Der Finanzminister hat ja schon angekündigt, dass überall gekürzt wird um diese hundert Milliarden stemmen zu können, ohne neue Schulden aufzunehmen. Da werden dann vor allem die Kinder das Nachsehen haben, nämlich erstens indem wir ihnen eine geschrottete Erde hinterlassen mit einem Klima, das es Menschen in vielen Erdteilen unmöglich macht, überhaupt ein gutes Leben zu führen und zweitens weil wir das Geld jetzt im Bildungssektor bräuchten. Sozialarbeiter schlagen momentan Alarm, dass es zahlreiche Kinder gibt, die in ihrer psychosozialen Entwicklung durch Corona massiv beeinträchtigt sind und anstatt diesen Kindern die nötigen zusätzlichen Finanzmittel zur Verfügung zu stellen, wird das was jetzt schon zu wenig ist, auch noch gekürzt. Der Betreuungschlüssel in Sachsen ist himmelschreiend miserabel, bedürftige Kinder warten ohnehin schon monate-, jahrelang auf Schulbegleitung. Es braucht dringend kleinere Klassen und mehr Zuwendung für alle Schulkinder vor dem Hintergrund der riesigen Bildungslücke, die sich durch Corona verschärft hat.

Welche Rückmeldungen haben Sie bislang erhalten?

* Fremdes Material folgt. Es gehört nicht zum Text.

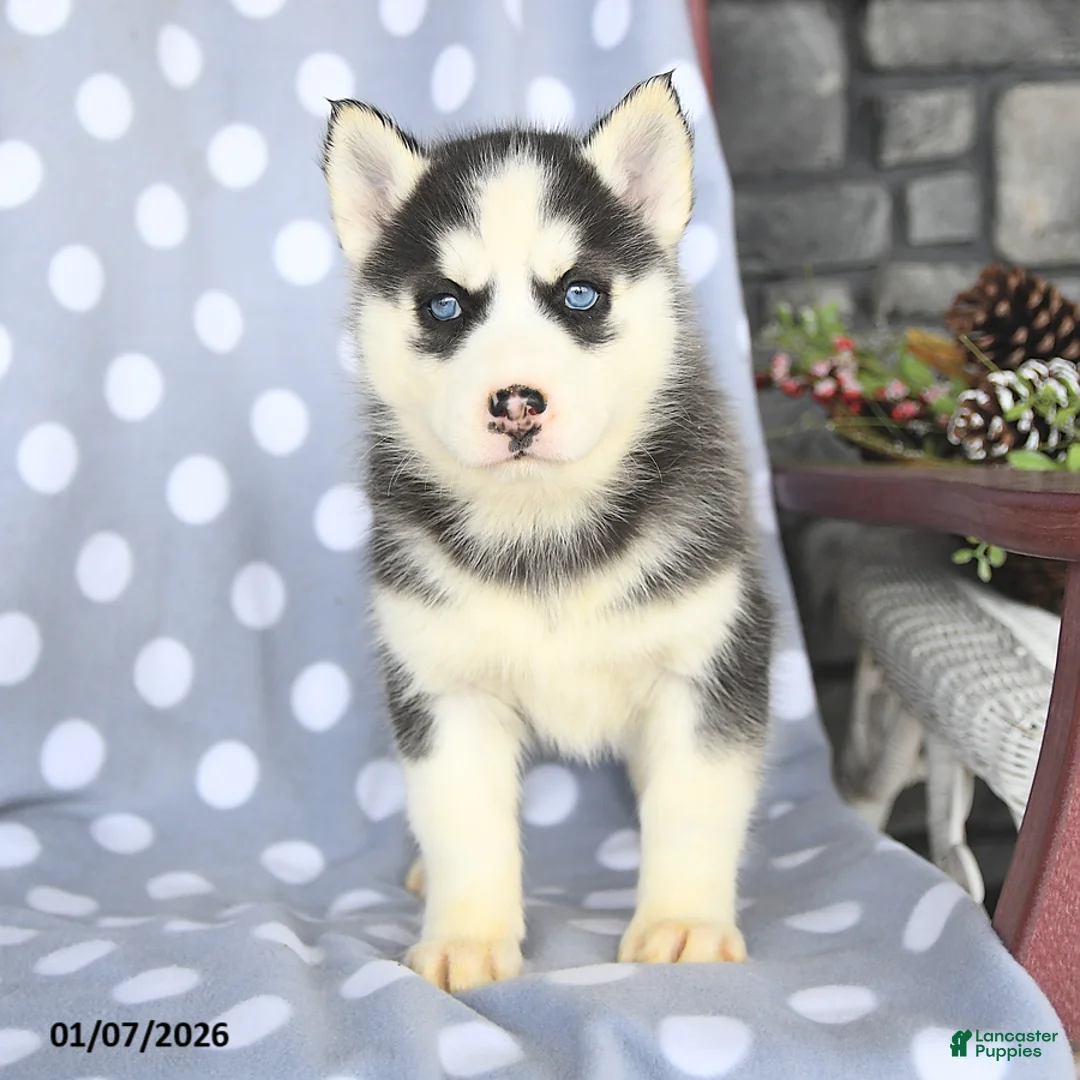 Siberian Husky dogs for sale: Coco  - Ad 3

Zum einen steigen die Petitionszahlen immer weiter und immer mehr Leute beteiligen sich an der Telegramgruppe, die sich auf die Demo in Leipzig vorbereitet. Und dann ist gerade der Demoaufruf für Sonntag von diesem sehr breiten gesellschaftlichen Bündnis veröffentlicht wurden, der sich ganz klar gegen die hundert Milliarden und auch auf die Anhebung des Wehretats auf zwei Prozent des Bruttoinlandsprodukts stellt. Das ist ein total positives Zeichen und gibt uns richtig Auftrieb, weil es zeigt, dass Initiativen wie die unsere es an ganz vielen Orten geschafft haben unser Anliegen sichtbarer zu machen. Ich glaube, jetzt kommt es auf jedes Plakat an und auf jeden einzelnen, der auf die Demo geht und der diese Forderung stark macht.